Harper amended the rules for a caretaker government this election so that his minister can continue pushing forward controversial policy which would lock Canadian law to disallow the required transparency and accountability of the very rules which govern everything from transportation and communications to medical devices and in some cases elections.
While the "copyright" aspects of the Trans-Pacific Partnership are being covered elsewhere, there are non-copyright aspects embedded in the leaked Intellectual Property Rights Chapter that regulate the general transparency and accountability of software.
Unlike the 1996 WIPO treaties which tie what are now called "use controls" to copyright infringing activities, article QQ.G.10: {Technological Protection Measures} of the TPP mandates legal protection of access controls. The TPP is based on the USA's DMCA which is based on the failed Lehman report from 1995 during the Clinton administration. While Bill C-11 also protects access controls, this is a critical mistake by the Harper government that a future government will need to fix. Harper is aggressively pushing Canada into the TPP which will require that a future government get permission from TPP "partners" to finally fix these problems.
Access controls are controversial for a number of important reasons:
- Access controls and other non-owner locks on software and hardware reduces the transparency and accountability of the rules that govern these devices. Technology owners are disallowed from making their own independent software choices, as well as doing their own or having trusted third parties do software audits.
- Access controls applied to multimedia content (more commonly known as "encrypted media" outside of policy circles) are used to tie access to culture to specific brands of access technology, pretty much always technology where the hardware and software has non-owner locks to disable auditability. This type of tied selling is known to be harmful to the economy (is included in most anti-trust or competition policy), but also impacts cultural rights embedded in the UN Universal Declaration of Human Rights.
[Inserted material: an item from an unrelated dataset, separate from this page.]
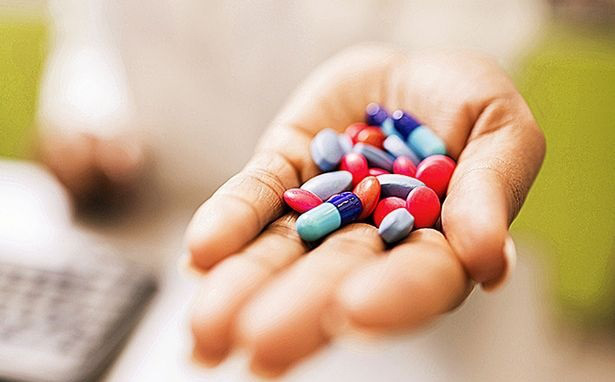 Bong tróc môi có thể là dấu hiệu cảnh báo những vấn đề sức khỏe nghiêm trọng hơn bạn tưởng - Ảnh 3. Bong tróc môi có thể là dấu hiệu cảnh báo những vấn đề sức khỏe nghiêm trọng hơn bạn tưởng - Ảnh 3.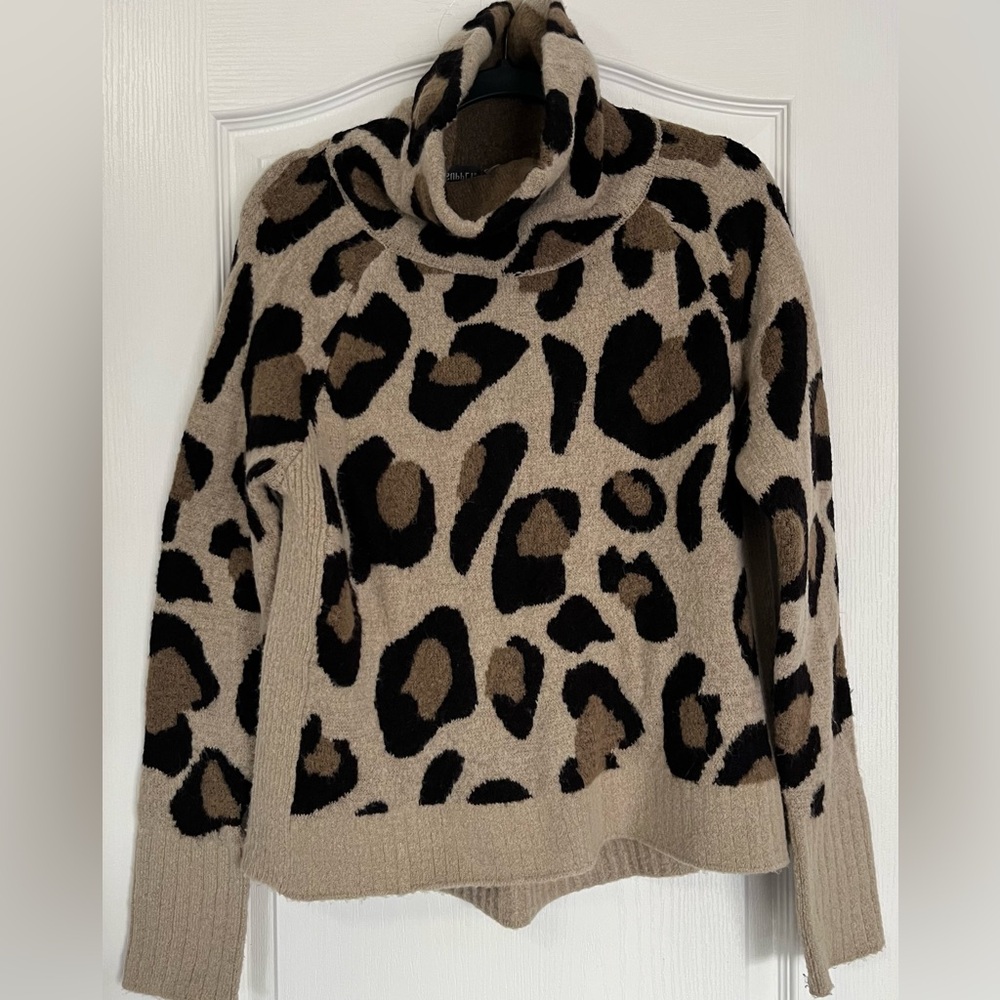 Cozy Thick Leopard Print Turtleneck Sweater Size Medium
- These policies allegedly relating to "copyright" are being applied to technology which intermediates most aspects of our modern lives. While there have been expensive court cases to create narrow exceptions for uses of devices unrelated to copyright, most businesses (and even fewer individuals) don't have the financial resources to fight court battles to protect basic property and other rights. The harmful impacts to the economy go well beyond copyright related industries, and the harmful impacts extend to issues surrounding health and safety, privacy, and national security.
- There has been no credible evidence to the claim that these controls reduce copyright infringement, and considerable evidence to suggest they induce infringement
- Creators of cultural works are as dependent as audience are (if not more) on having control of their own technology, and thus these non-owner locks on technology harm creators' rights
The cost to taxpayors alone of Harper doubling-down on this failed policy cannot be understated. As one small example, the Canadian Forces are hiring people to hack into vechicle control systems (See: Cyber Security of Automotive Systems (W7701-166085/A)) to do basic auditing, but given the illegitimate claims of exclusive rights this taxpayer funded audit will not likely be widely published. The only reason why taxpayers have to foot this bill, rather than the costs being distributed across other interested and skilled device owners is because of this Harper policy.
It is sad that Harper even promotes his reckless behavior during the election, trying to pull the wool over voters eyes by claiming the TPP is "trade" policy rather than the harmonization of non-trade related policies --- often untested policies, or where the policies were proven failures in countries where they were tested.
Harper suggests people should vote for him and his nominated candidates because of their record on the economy and on security. This policy is one example among many where Harpers record indicates failure.